**Exercise instructions**
Start at the line that contains "blond girl listening" in the listing below and extract every line through the last, exactly; leave pictures out.

**Input material**
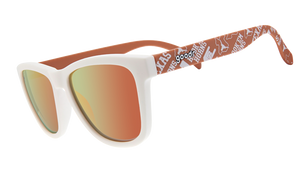 The image displays a pair of sunglasses with a white front frame and orange reflective lenses. The arms of the sunglasses are orange and decorated with University of Texas Longhorns logos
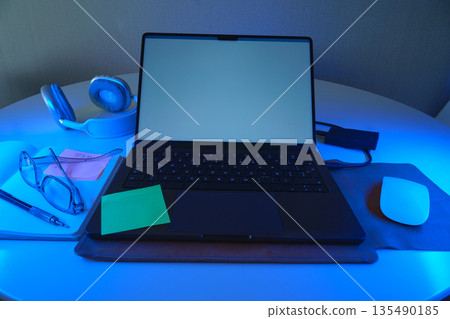 Laptop, headphones, and glasses on desk with blue light Laptop, headphones, and glasses on desk with blue light 135490185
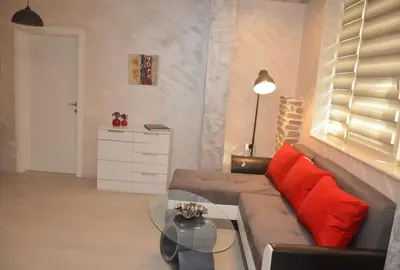 a living room with a couch and a glass table at Apartment Unique in Plovdiv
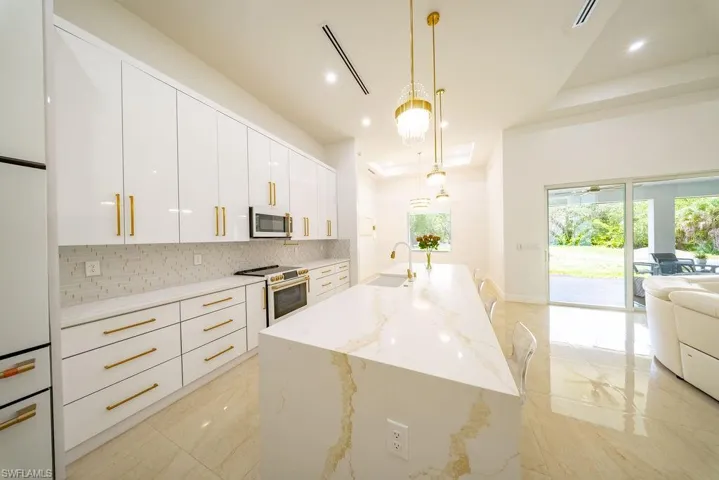 Modern kitchen featuring a waterfall island with stone countertop, white cabinetry with gold-tone hardware, and stainless steel appliances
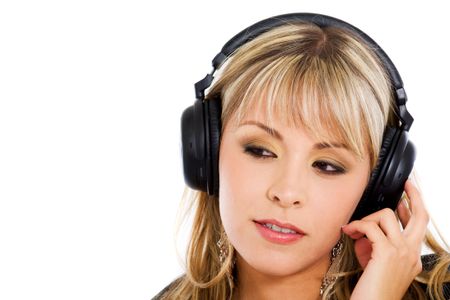 blond girl listening to music on her noise cancelling headphones isolated over a white background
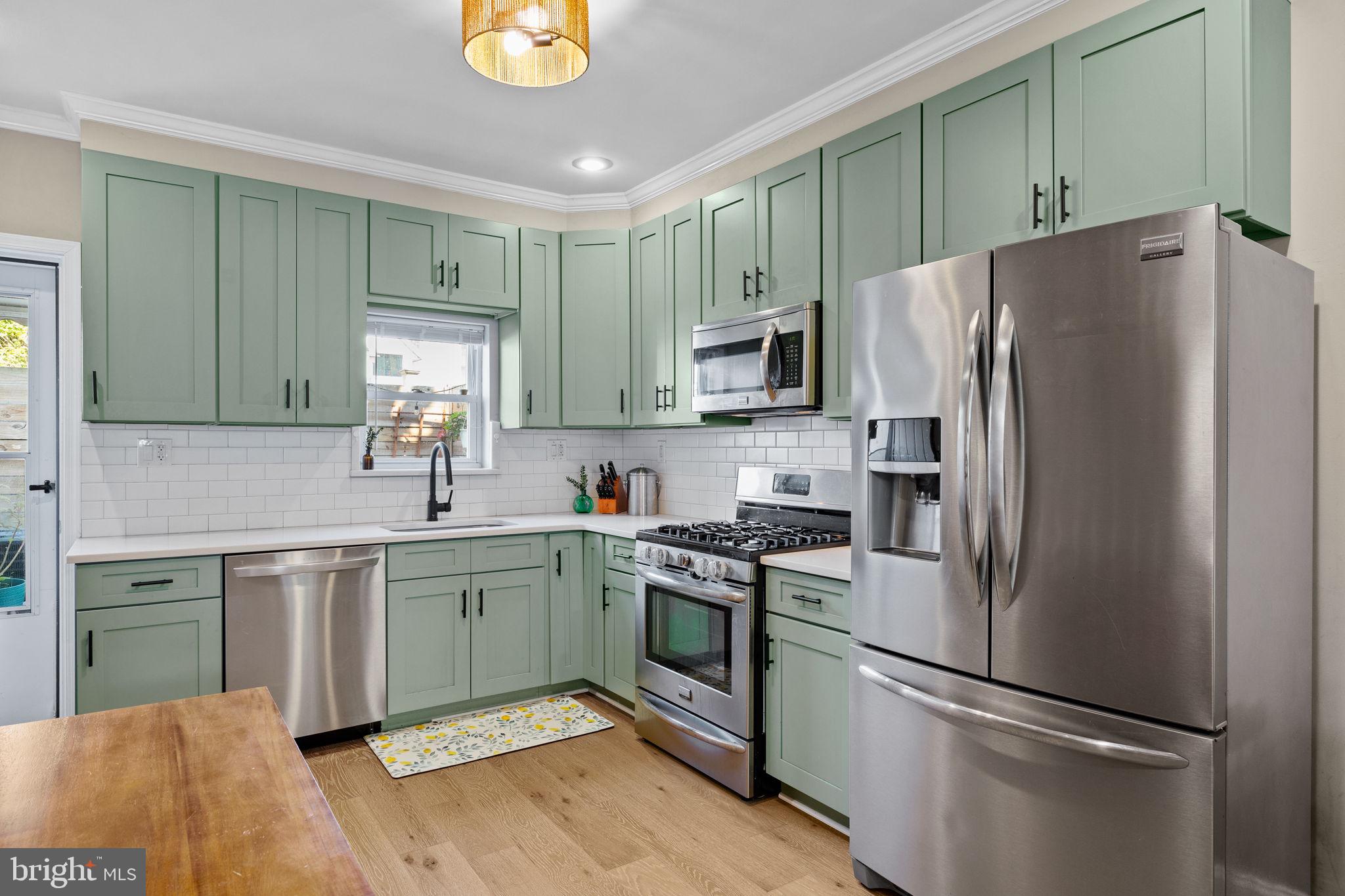 623 Manton Street Philadelphia, PA 19147 - Photo 7 of 26 a kitchen with a refrigerator sink and microwave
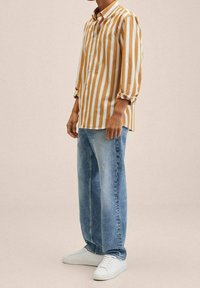 Camicia a righe in senape e bianco, con colletto a abottatura e maniche arrotolate, abbinata a jeans azzurri larghi e sneakers bianche.
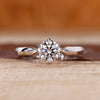 Round diamond solitaire engagement ring with tapered shank and six claw prong.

**Task solution**
 blond girl listening to music on her noise cancelling headphones isolated over a white background
 623 Manton Street Philadelphia, PA 19147 - Photo 7 of 26 a kitchen with a refrigerator sink and microwave
 Camicia a righe in senape e bianco, con colletto a abottatura e maniche arrotolate, abbinata a jeans azzurri larghi e sneakers bianche.
 Round diamond solitaire engagement ring with tapered shank and six claw prong.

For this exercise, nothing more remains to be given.